Il laisse aux faux dévots les pièges du théorème,
Pour ancrer son destin dans la réalité.

Il a connu le froid, l'usine et la ferraille,
Ces mondes sans visage où le souffle est brisé.
Il porte dans le cœur le goût de la bataille,
Et refuse de voir son honneur divisé.

Il déteste le fard, les grands discours factices,
Les masques de vertu que l'époque s'achète.
Il préfère ses ruines au jeu des injustices,
Et marche sous l'orage en redressant la tête.

C'est un cri de révolte et de sève mêlées,
Un traducteur d'orgueil aux marges du papier.
Aymar avance droit sur les routes pelées,
Alliant le verbe brut à la force du métier.



Germain
Mis en ligne le 19/05/2026 18:55 - Auteur : Wapinou
Germain porte l'empreinte et le poids des grands froids,
La patience des arbres qui défient la tempête.
Il n'attend pas qu'on vienne lui dicter ses droits,
Et marche dans le siècle en redressant la tête.
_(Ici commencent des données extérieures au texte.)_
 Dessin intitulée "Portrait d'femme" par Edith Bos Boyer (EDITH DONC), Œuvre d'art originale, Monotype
C’est un homme d'ancrage, un rebelle discret,
Qui a usé ses mains à l'acier des usines.
Il sait ce que le monde exige de regrets,
Et comment la lueur repousse sur les ruines.

Il refuse le fard, les faux-semblants, la masse,
Le mépris ordinaire et la froide raison.
Laissant aux courtisans les salons et l'espace,
Il préfère l'exil et le grand horizon.

Il y a dans son geste une noble droiture,
L'encre de la mémoire et le feu du métier.
Germain reste debout, malgré la déchirure,
Vrai jusqu'à la racine, entier parmi l'entier.



Augustin
Mis en ligne le 19/05/2026 18:50 - Auteur : Wapinou
Augustin porte en lui la mémoire des pierres,
Le parfum du vieux plomb et des matins frileux.
Il a connu l’exil, le vent de la frontière,
Et garde sous l'écorce un regard orgueilleux.
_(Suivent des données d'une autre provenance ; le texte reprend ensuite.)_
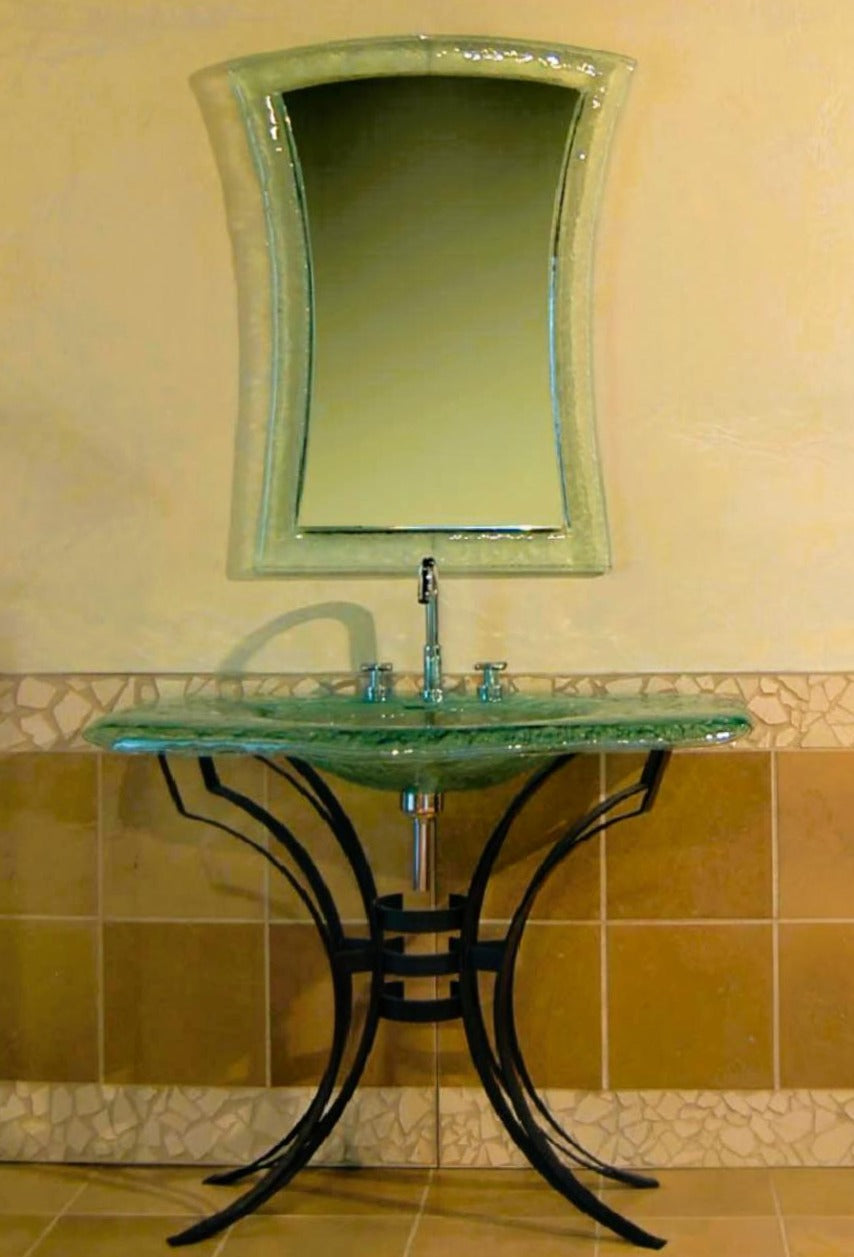 The Isabelle — Glass Monolithic Rectangular Basin on Wrought Iron Stand (LAS600) VERRE GALLERY by Renaissance Glassworks Inc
Ses mains ont la couleur de la terre et du fer,
Il ne s’encombre pas de grands discours futiles.
Chacun de ses silences est un morceau de chair,
Un ancrage solide aux friches de la ville.

Il a vu les machines et les rêves s'éteindre,
Les corps usés à blanc que le système broie.
Mais il n'a jamais su s'abaisser ni se plaindre,
Trouvant dans sa pudeur une farouche loi.

C'est le gardien discret des pages oubliées,
Un poète de l'ombre au verbe souverain.
Sur sa table de bois, les vérités gravées
Disent l'homme debout qui trace son chemin.